Di Sini Kisah Bermula
ITULAH alasan pertama saya dipenuhi dorongan yang teramat kuat untuk menuliskan posting ini. Alasan kedua, adalah karena nama seseorang bernama Indi. Hingga hari ini, saya tidak mengenal Indi. Saya sekadar tahu dan beberapa kali bertukar informasi melalui aplikasi pengiriman pesan yang tercangkok di media sosial.
Saya menemukan nama Indi, untuk pertama kalinya, tercantum di sampul sebuah buku fiksi berukuran mungil dengan desain cover unik. Buku ini tidak ramai dalam riuh perbincangan, demikian juga nama Indi bukanlah bintang percakapan di planet pengarang. Idem dito penerbit buku ini, Homerian, bukanlah penerbit yang mendapat lampu sorot di dunia perbukuan. Homerian lebih dikenal sebagai, saya sebut saja "balai baca" sederhana, yang di halamannya digunakan pihak lain berjualan Lotek, sejenis makanan terkenal, tempat saya kerap mampir di Yogyakarta.

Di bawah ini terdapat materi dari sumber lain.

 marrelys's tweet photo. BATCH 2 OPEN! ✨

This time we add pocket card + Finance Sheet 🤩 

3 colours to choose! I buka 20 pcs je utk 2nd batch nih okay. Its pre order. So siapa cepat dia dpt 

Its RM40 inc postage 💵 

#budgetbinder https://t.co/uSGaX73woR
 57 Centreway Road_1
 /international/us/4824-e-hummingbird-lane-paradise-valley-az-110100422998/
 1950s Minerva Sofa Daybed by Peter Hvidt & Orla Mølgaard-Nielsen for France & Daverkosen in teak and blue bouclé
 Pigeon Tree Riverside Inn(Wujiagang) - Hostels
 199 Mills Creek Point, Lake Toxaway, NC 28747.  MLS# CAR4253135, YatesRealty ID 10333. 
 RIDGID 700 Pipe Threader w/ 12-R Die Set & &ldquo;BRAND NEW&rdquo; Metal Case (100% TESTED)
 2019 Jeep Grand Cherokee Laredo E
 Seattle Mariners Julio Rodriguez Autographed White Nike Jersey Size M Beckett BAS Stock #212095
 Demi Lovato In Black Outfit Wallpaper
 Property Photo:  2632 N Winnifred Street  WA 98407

Ini novel pertamaku yang diambil dari buku harianku ketika SMA. Novel ini berisi kisahku yang seorang scolioser dan Mika yang seorang ODHA (Orang dengan HIV/AIDS). Kami berpacaran selama 3 tahun yang menyenangkan dan novel ini mengabadikan salah satu moment terindahku yang pernah terjadi dalam hidupku :)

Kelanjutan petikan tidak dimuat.